‘Protect Colombia’s sex workers’: Women’s orgs react to Secret Service scandal

Behind the headlines of the Secret Service prositution scandal lies a grim reality that is being ignored, Colombian women’s rights organizations argued Friday.

A joint statement responded angrily to the media outcry that has engulfed the U.S. since the discovery that a group of military and Secret Service personnel had hired prostitutes in Cartagena, days before President Barack Obama’s arrival for the Summit of the Americas.

“We reject the attitude of the Secret Service agents in taking advantage of their power and refusing to pay what was agreed with the workers, after taking their bodies and using their sexual services,” said the statement, written by the Human Life Corporation, the National Network of Women, Observatory of Gender Democracy and Human Rights, the League of Displaced Women and Women Who Believe.

The agents’ behavior “violated the labor rights of women working in prostitution,” they said.
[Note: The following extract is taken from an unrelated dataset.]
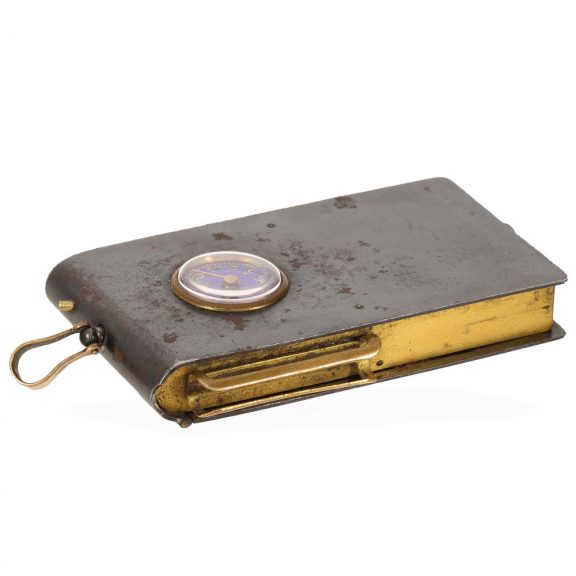 Swiss rare burnished iron coin box with integrated watch Circa 1900 Swiss rare burnished iron coin box with integrated watch Circa 1900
The story broke when an argument over payment between one agent and a prostitute attracted attention at the upmarket hotel where the U.S. delegation was staying.

Dania Suarez, a 24-year-old single mother identified as the woman in question, told the New York Times she had agreed a price of $800 with the agent, but the next morning he only offered her $30.

“It should be made clear that our position is, without any room for doubt, supporting the struggle for the human rights of women sex workers,” said the women’s groups. They called on the U.S. Embassy in Colombia, the Foreign Ministry and Cartagena’s mayoral office to make public the results of investigations into the Secret Service agents’ actions.

Three Secret Service agents have left their jobs in the wake of the scandal, and up to three more may go. Twelve are now on administrative leave.

The causes and realities of prostitution were being completely ignored, said the organizations. “Prostitution (…) is caused by the inequality and poverty that exists in many of our cities,” they said, and in Cartagena the fundamental problem was the “exclusion and povery of most of the black population.”

Bolivar, the department in which Cartagena is located, is one of the five poorest in Colombia. It’s estimated that 60% of Cartagena’s population exists below the U.N. poverty level of $2 a day, which combined with a steady stream of wealthy foreign visitors creates the prime conditions for sex tourism.

The women’s groups called on local and national governments to take action. “The sexual exploitation of children, just like the persecution and murder of prostitutes, is a problem that has not been tackled by governments in a serious and responsible way,” said the statement.

Finally, they demanded “an advance in policies to eradicate gender violence, discrimination, trafficking in women and the sexual exploitation of children in the city.”